■ PROBLEM STATEMENT
Write the lines below out exactly, dropping each picture.

Image-text web data
· · · · ·
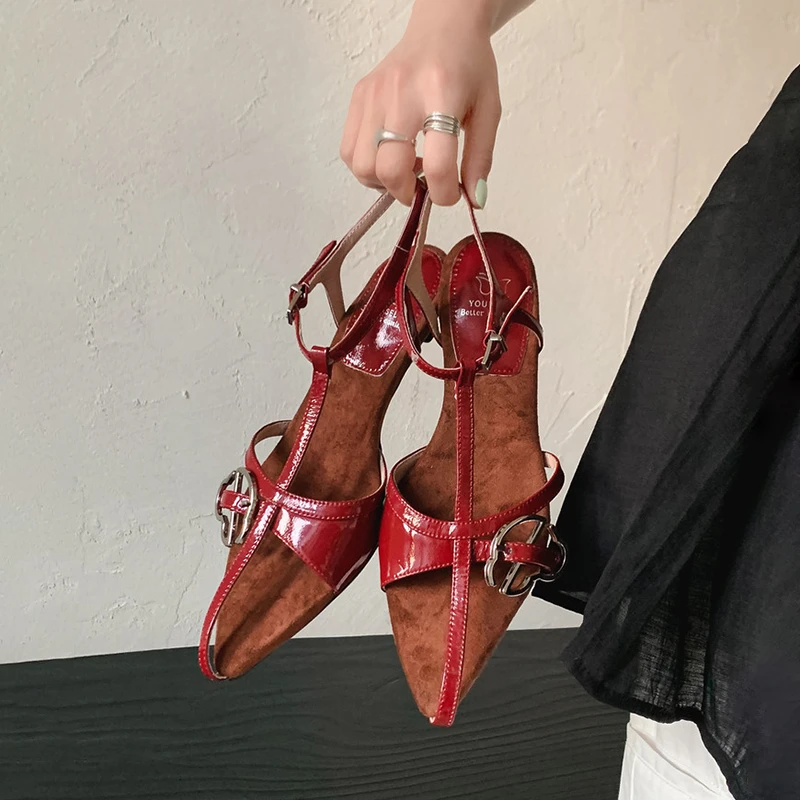 复古细带金属扣法式细跟凉鞋女2025年夏季新款度假风小猫跟露趾鞋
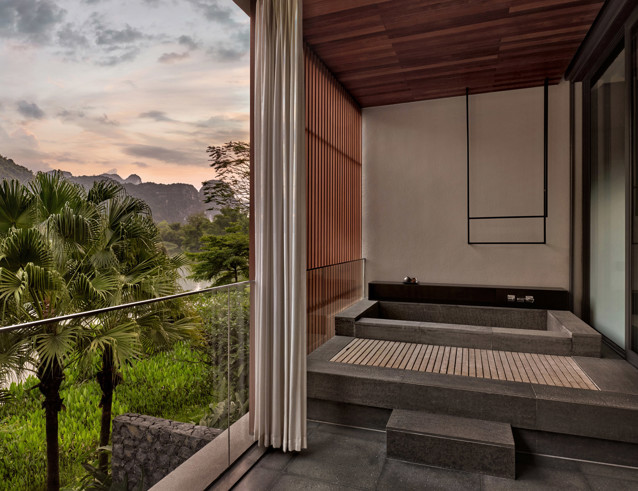 lux<bdi>*</bdi> suite-2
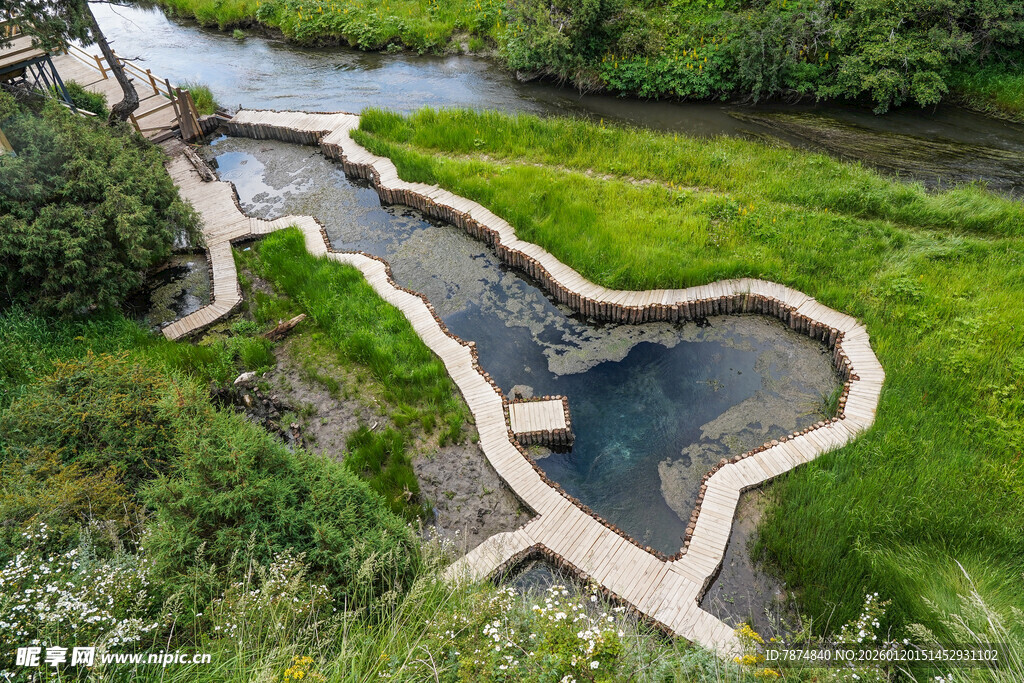 蜿蜒河畔的自然景观步道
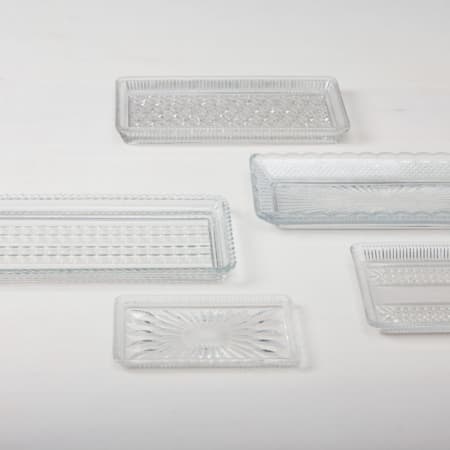 Törtchen, Cupcakes und andere Delikatessen lassen sich auf diesen hübsch verzierten Kuchenplatten besonders verführerisch in Szene setzen. Ob bei Kaffee und Kuchen, auf einem Dessertbuffet oder an der Candy-Bar, so schmecken Leckereien doppelt gut. Damit es stimmig wird, bieten wir viele weitere schöne Produkte aus Vintage-Pressglas an: Vasen, Karaffen, Schälchen und vieles mehr.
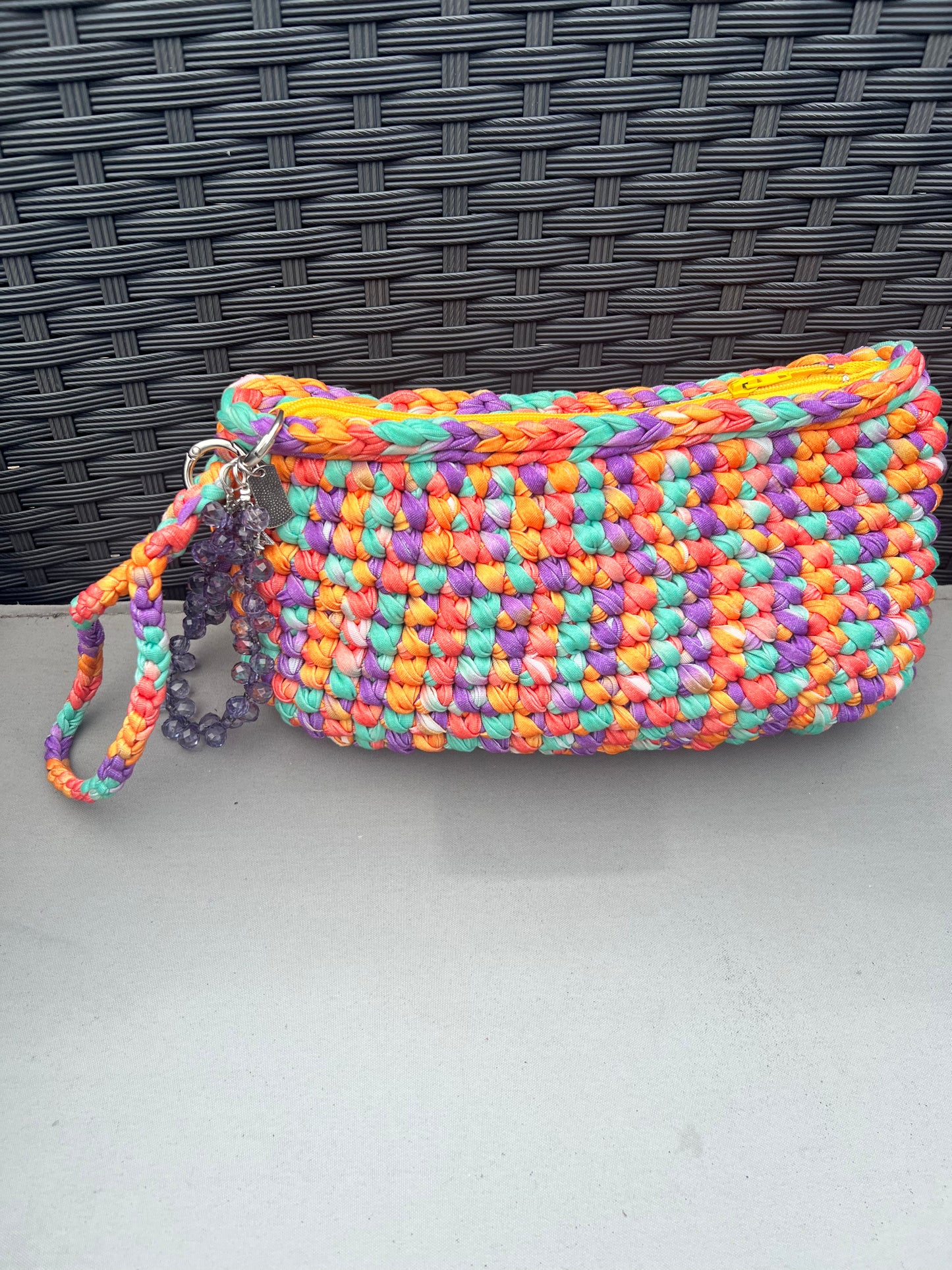 The colour riot clutch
· · · · ·
■ OUTPUT OF THE TASK
 复古细带金属扣法式细跟凉鞋女2025年夏季新款度假风小猫跟露趾鞋
 lux<bdi>*</bdi> suite-2
 蜿蜒河畔的自然景观步道
 Törtchen, Cupcakes und andere Delikatessen lassen sich auf diesen hübsch verzierten Kuchenplatten besonders verführerisch in Szene setzen. Ob bei Kaffee und Kuchen, auf einem Dessertbuffet oder an der Candy-Bar, so schmecken Leckereien doppelt gut. Damit es stimmig wird, bieten wir viele weitere schöne Produkte aus Vintage-Pressglas an: Vasen, Karaffen, Schälchen und vieles mehr.
 The colour riot clutch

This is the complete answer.